Date: 3/19/17 7:38 pm
From: Herschel Raney <herschel.raney...>
Subject: The Renderings I Cannot Do
If you want to judge a bird artist, just look at his (or her) Wood Duck.
Either sex will do (artist or duck), but clearly the male image is a
daunting undertaking. A pair landed in a tall oak in my back yard this
morning, and though nervous, they stayed while I went in for the scope
and set it up. Both birds could be seen in the field of view: the yellow
rim of the female’s eye and the bright red rim of the male with the red
actual iris on the male. The female’s eye just looks dark inside its
yellow rim. Highlighted further by the white orbicular feathering that
fades back in the line towards her nape. They stayed for an hour or
more, same branch. I kept the scope on them the whole time. And I went
to get Sibley to hold next to the scope. And the Third Edition of Nat
Geo Birds.

In the scope, of course, there is no hope for an artist. Against several
million years of design, a duck made of stardust and time, I would kick
over my palette and go have a drink. And in Nat Geo, the Woodies were
done by Cynthia House. I know nothing else of her. People forget the
fine Nat Geo book has over twenty artists working on it. Sibley, on the
other hand, did them all. Every bird. Good Lord is what I say again to
this fact.

The male is a wonder of subtle color blends in the scope. And both
artists go a little too yellow on that long flank patch. Miss House
perhaps wins there though neither captures the intricate fine barring
inside the cream patch.

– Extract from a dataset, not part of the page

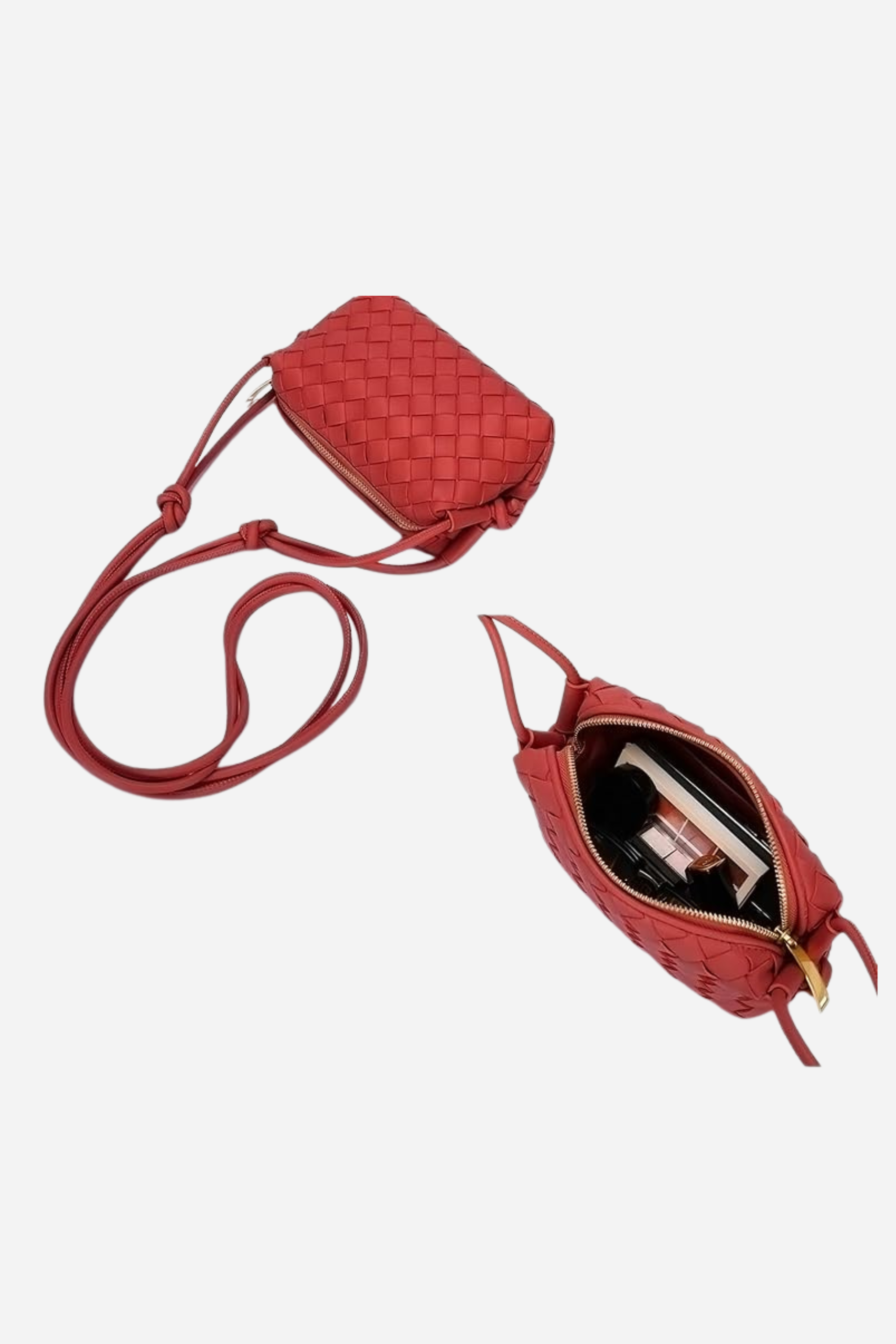 Woven Crossbody Purse - Cherry Red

The feathers above this are a looping row of
black and white offset, coming to delicate overlapping tips. Behind this
is that striking deep purple area with three, count them, three orange
streaks coming down to highlight this purple zone. These are poorly
rendered by Miss House. Sibley has four dashes of orange there. But they
are really fine clusters of hairs gently curving down over the purples.
Long triangles of eyelash, a fineness likely not reproducible in
ordinary art.

And the head of the male is a complete other matter. Sibley seems to
miss the yellow ring on the female’s eye. He does better with the
blending of blues and greens on the male head above those triangles of
orange and red up right and left from the beak. The stark white linings
of the neck and face are well done in both. The white streaking in that
handsome fall back tuft of erectile feathers is frankly impossible to
recreate outside the eye, outside reality. In my opinion. It is a bird
to stare at and forget again and again in all its details. And a dead
one in hand surely does not express all that this animal can be.

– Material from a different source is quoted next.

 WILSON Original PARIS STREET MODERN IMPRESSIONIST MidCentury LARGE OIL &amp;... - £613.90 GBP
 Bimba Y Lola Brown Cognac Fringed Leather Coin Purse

It inspired me after they left to go rescue my duck box. It has been on
an oak tree on the west side of my swamp for years. But this
multi-hundred year old tree cracked across its rotten heartwood in the
wind recently. And this brought the box down to head high, the remnant
tree leaning in all its previously wondrous spiring against another oak.
I took off the screws and gave it a new rook plank, cleaned its inside
and moved it to the east side, where I can see it from the road. It will
be among Barred Owls, I hope this does not make a duck family uneasy.

I heard the duck pair whistle back into the swamp at dusk this evening,
with the frog chorus starting back up and the four Barred Owls
chattering to each other with wild echoing cacks and whoops and monkey
cries, the quizzing about the cooks gone mad and frenzied. These mad
owls were feeding before the sun went down, dropping into my leaves,
fluttering up into my cedars. The owls may already have young mouths to
feed. The woodies, well, I await further word.

(All respects to House and Sibley for even making any efforts at putting
such birds on paper. )

And if you can stare at a Wood Duck in a scope anytime soon. Do it. Do
it and be amazed again.


Herschel Raney

Conway AR

(Thanks to the birdlist peoples who sent me notes this week.)